Chemspec International Limited Files Going-Private Transaction Statement on Schedule 13E-3
SHANGHAI, May 3, 2011 /PRNewswire-Asia-FirstCall/ -- Chemspec International Limited (NYSE: CPC; "Chemspec" or the "Company", incorporated in the Cayman Islands), a leading China-based contract manufacturer of highly-engineered specialty chemicals, today announced that it has filed a going-private transaction statement on Schedule 13E-3 ("Going-Private Statement") with the United States Securities and Exchange Commission ("SEC"). Attached as an exhibit to the Going-Private Statement is a preliminary proxy statement (the "Preliminary Proxy Statement") that, subject to completion, will be used in connection with an extraordinary general meeting of shareholders (the "EGM"), which the Company expects to hold in the third quarter of 2011.
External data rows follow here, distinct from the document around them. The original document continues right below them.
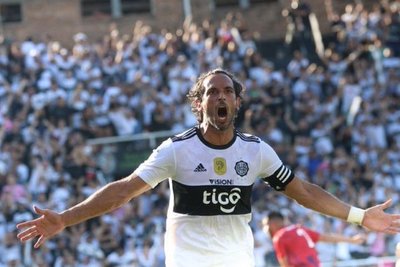 Olimpia goleó a Cerro Porteño por 4-2 y se quedó con el clásico » Ñanduti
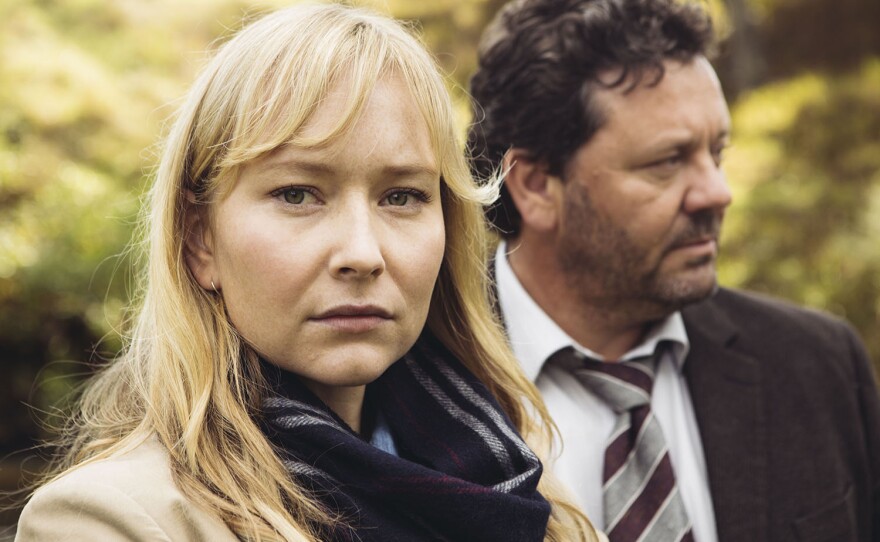 Fern Sutherland as Kristin Sims and Neill Rea as DI Mike Shepherd in BROKENWOOD MYSTERIES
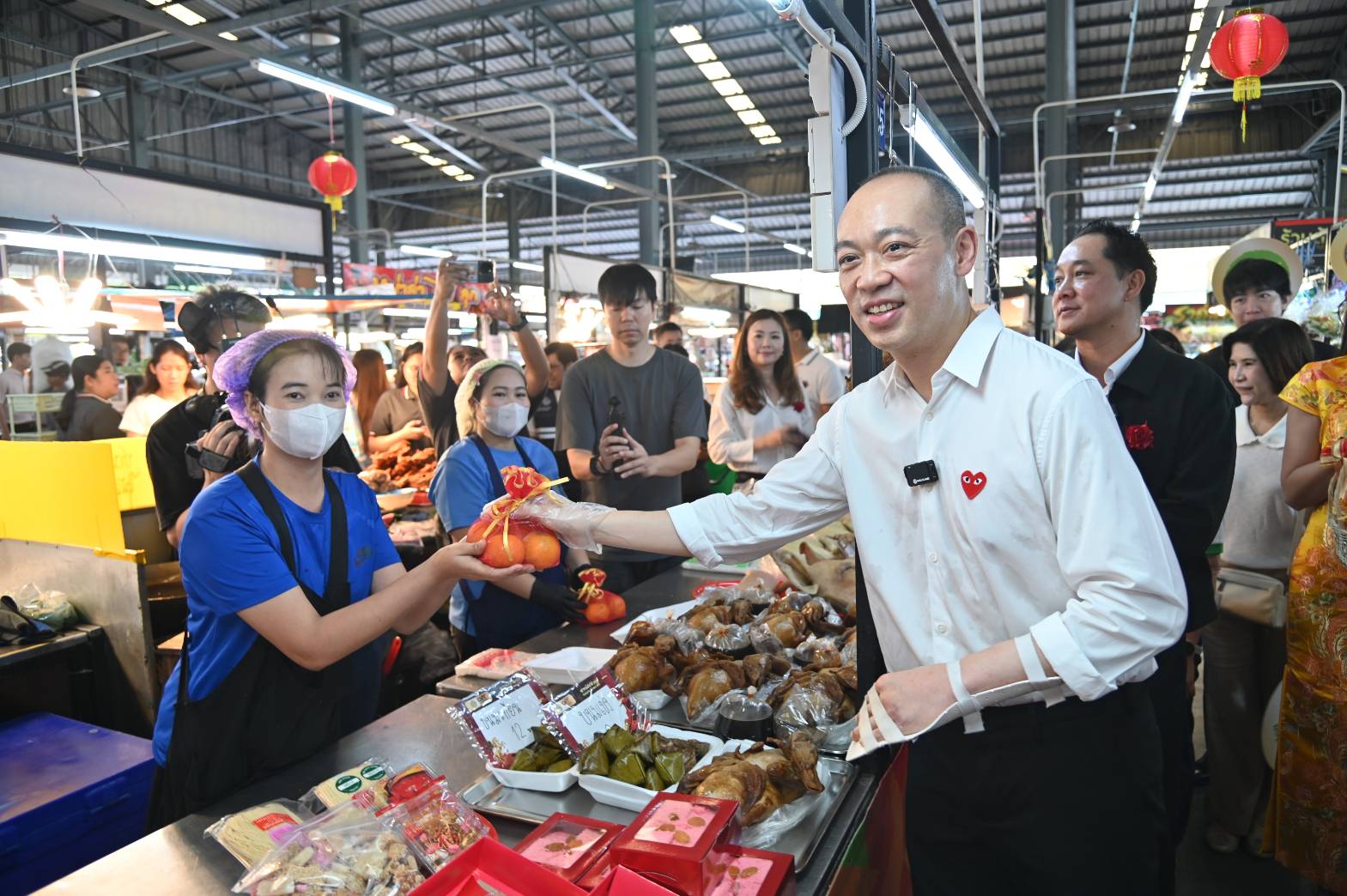 ข่าวเลขที่ 73/2569 “พาณิชย์ส่งสุข รับตรุษจีน ปีม้าทอง 2026” ผนึกตลาด ห้างค้าส่งค้าปลีก จัดโปรตรุษจีน ลดสูงสุด 50%  (13 กุมภาพันธ์ 2569)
As described more fully in the Going-Private Statement and the Preliminary Proxy Statement, the business to be transacted at the EGM includes shareholder approval of the proposed merger and the agreement and plan of merger, dated as of March 21, 2011, by and among Halogen Limited ("Parent"), a Cayman Islands company beneficially owned by Dr. Jianhua Yang, chairman of the board of directors and chief executive officer of the Company, and Primavera Capital (Cayman) Fund I L.P., Halogen Mergersub Limited, a Cayman Islands company wholly owned by Parent, the Company and Dr. Jianhua Yang (the "Merger Agreement"). The proposed merger and the Merger Agreement are more fully described in the Going-Private Statement and the exhibits attached thereto, including the Preliminary Proxy Statement. In addition, a copy of the Merger Agreement is attached as an exhibit to the Preliminary Proxy Statement. If completed, the proposed merger would result in the Company becoming a privately held company and its ADSs would no longer be listed on the New York Stock Exchange. The Company's board of directors, acting upon the unanimous recommendation of the independent committee formed by the board of directors, approved the Merger Agreement and resolved to recommend that the Company's shareholders vote to adopt the Merger Agreement.
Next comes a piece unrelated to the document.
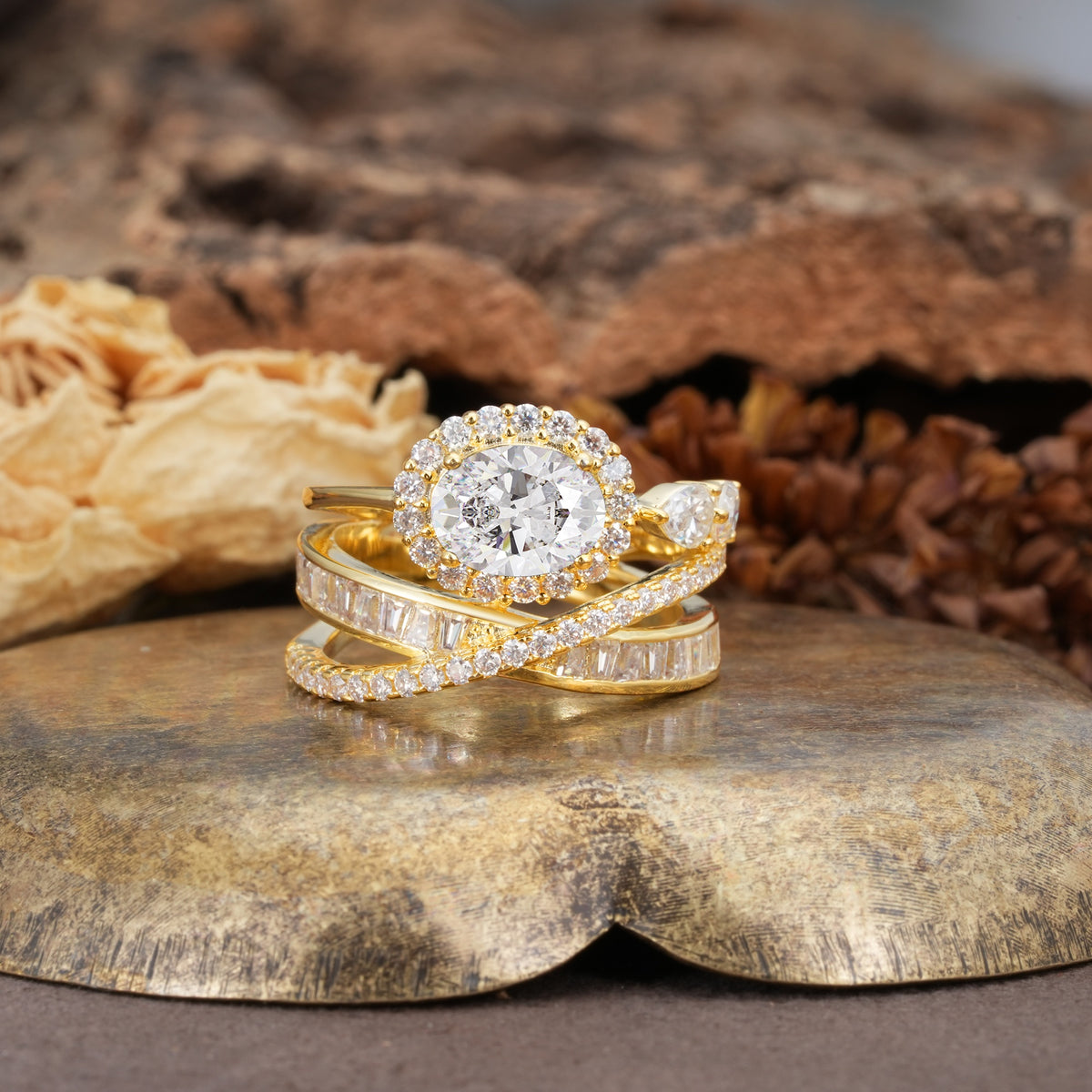 Vintage-Luxury Entwined 4-Prong Oval Cut Moissanite Engagement Ring - Additional view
The Going-Private Statement and the Preliminary Proxy Statement, and any amendments thereto, can be obtained from the SEC's website (http://www.sec.gov). In addition, shareholders and ADS holders will receive the definitive proxy statement by mail and requests for additional copies of the definitive proxy statement should be directed to Okapi Partners LLC, the Company's proxy solicitor, toll free at +1 855 208-8903 (or +1 212 297 0720 outside of the United States). INVESTORS AND SHAREHOLDERS ARE URGED TO READ CAREFULLY AND IN THEIR ENTIRETY THESE MATERIALS AND OTHER MATERIALS FILED WITH OR FURNISHED TO THE SEC, AS THEY CONTAIN IMPORTANT INFORMATION ABOUT THE COMPANY, THE PROPOSED MERGER AND RELATED MATTERS.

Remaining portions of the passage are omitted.